Tomorrow is International Women’s Day. We’ve been asking IP Inclusive supporters for their thoughts on this year’s theme, #BalanceforBetter. Here are some from Andrea Brewster, leader of IP Inclusive and a member of our Women in IP committee.
Please send us yours to add to the debate. Are we nearly there with the gender balance in today’s IP professions, or do we still have a long way to go? What challenges have you seen and what would help bring us more quickly to the parity we’re seeking?
When I joined the patent profession in the late 1980s, it was well below 10% female. Those were the days when in CIPA publications, men were referred to by their initials and surname, but women had to be labelled as Miss or Mrs: a constant reminder that our status in society depended not only on our professional qualifications but also on our ability to find a man to underwrite us.
A lack of balance is inherently unstable. It is disorientating. Women had to work hard to make the most of what was essentially their “novelty value” in the workplace – it was all too easy to become the resident Trouble-Maker, or if you tried too hard to be liked, to be liked for the wrong reasons. It was tiring always to be the unusual item in the room, to have to prove yourself in the face of the omnipresent “despite” (“Do you understand these cross-sections, my dear? Usually women can’t cope with engineering drawings.”). The progress we’ve made since then is definitely something to celebrate.
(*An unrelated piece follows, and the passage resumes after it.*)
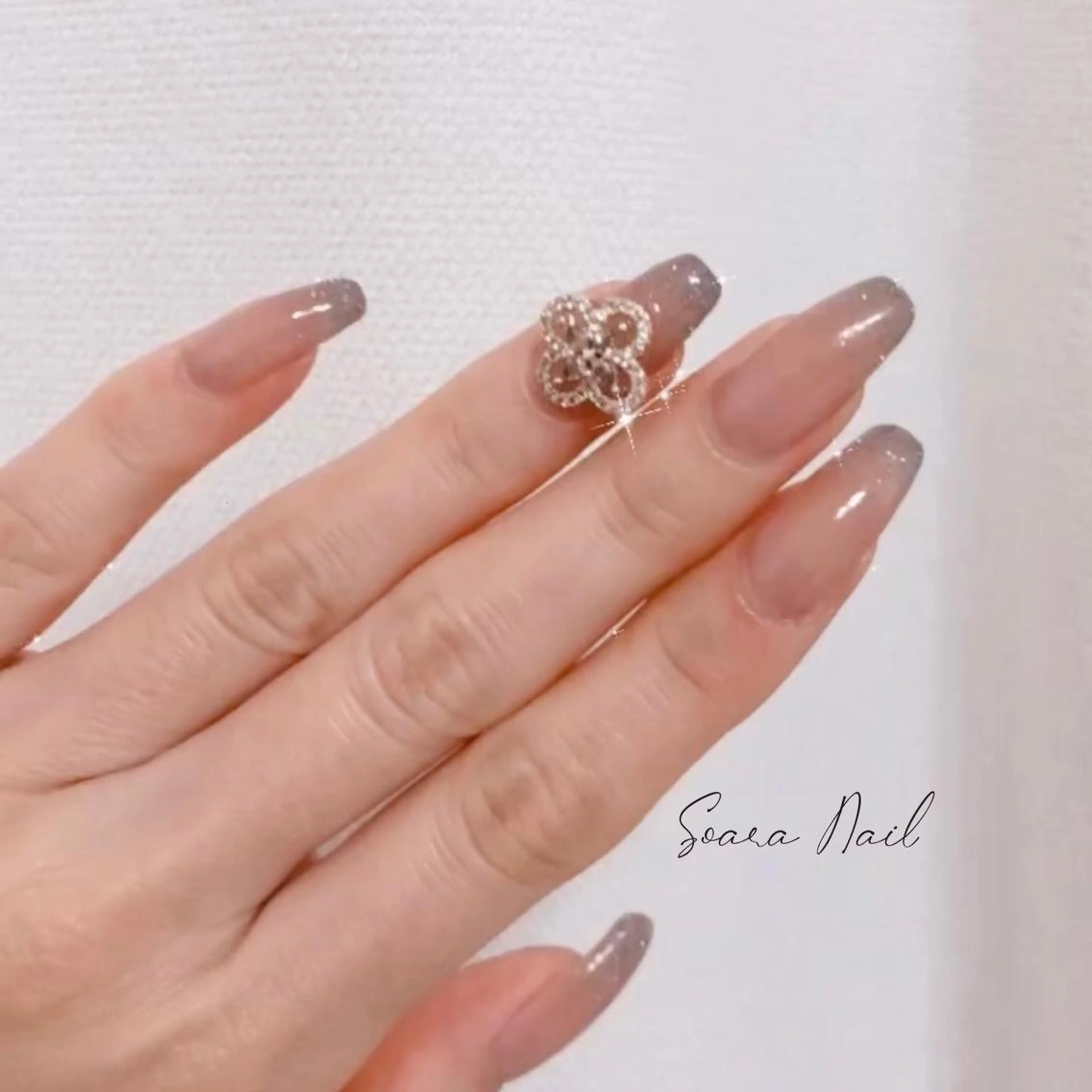 ネイル Salon Cleve所属・T. maoのネイルデザイン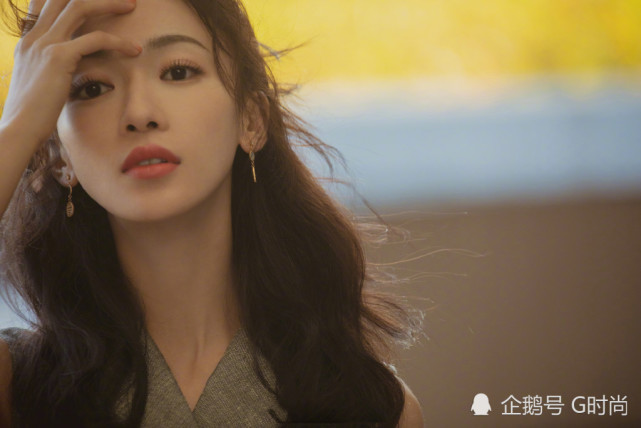 吴谨言秋日写真造型曝光 无袖双排扣马甲搭配黑色纱裙 吴谨言 写真 秋日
These days, when I invigilate for the patent qualifying exams, I see about 30% women. But I do wish it would increase more quickly than it has. And I particularly look forward to the day when those 30% find their way into the boardrooms and the partnerships, because only when women are part of the landscape, rather than manifestations of the “unusual” and the “despite”, can they be genuine role models for the next generation.